Data entries:
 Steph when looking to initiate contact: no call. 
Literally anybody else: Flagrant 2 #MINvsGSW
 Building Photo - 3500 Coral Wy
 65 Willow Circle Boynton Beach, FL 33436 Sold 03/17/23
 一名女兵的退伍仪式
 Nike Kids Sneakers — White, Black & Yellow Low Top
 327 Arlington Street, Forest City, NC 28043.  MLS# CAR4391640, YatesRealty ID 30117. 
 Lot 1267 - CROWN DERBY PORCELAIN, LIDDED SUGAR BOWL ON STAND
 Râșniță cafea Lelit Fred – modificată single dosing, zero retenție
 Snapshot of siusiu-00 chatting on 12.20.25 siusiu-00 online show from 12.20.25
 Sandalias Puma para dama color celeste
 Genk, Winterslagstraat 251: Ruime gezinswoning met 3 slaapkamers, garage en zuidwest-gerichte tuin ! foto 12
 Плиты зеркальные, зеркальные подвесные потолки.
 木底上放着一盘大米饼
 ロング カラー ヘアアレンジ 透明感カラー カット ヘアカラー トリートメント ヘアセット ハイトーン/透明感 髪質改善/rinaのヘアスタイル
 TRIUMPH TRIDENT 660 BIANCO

--- Aim of the exercise ---
Extract each entry in full and write it down exactly.

--- Answer for the task ---
 Steph when looking to initiate contact: no call. 
Literally anybody else: Flagrant 2 #MINvsGSW
 Building Photo - 3500 Coral Wy
 65 Willow Circle Boynton Beach, FL 33436 Sold 03/17/23
 一名女兵的退伍仪式
 Nike Kids Sneakers — White, Black & Yellow Low Top
 327 Arlington Street, Forest City, NC 28043.  MLS# CAR4391640, YatesRealty ID 30117. 
 Lot 1267 - CROWN DERBY PORCELAIN, LIDDED SUGAR BOWL ON STAND
 Râșniță cafea Lelit Fred – modificată single dosing, zero retenție
 Snapshot of siusiu-00 chatting on 12.20.25 siusiu-00 online show from 12.20.25
 Sandalias Puma para dama color celeste
 Genk, Winterslagstraat 251: Ruime gezinswoning met 3 slaapkamers, garage en zuidwest-gerichte tuin ! foto 12
 Плиты зеркальные, зеркальные подвесные потолки.
 木底上放着一盘大米饼
 ロング カラー ヘアアレンジ 透明感カラー カット ヘアカラー トリートメント ヘアセット ハイトーン/透明感 髪質改善/rinaのヘアスタイル
 TRIUMPH TRIDENT 660 BIANCO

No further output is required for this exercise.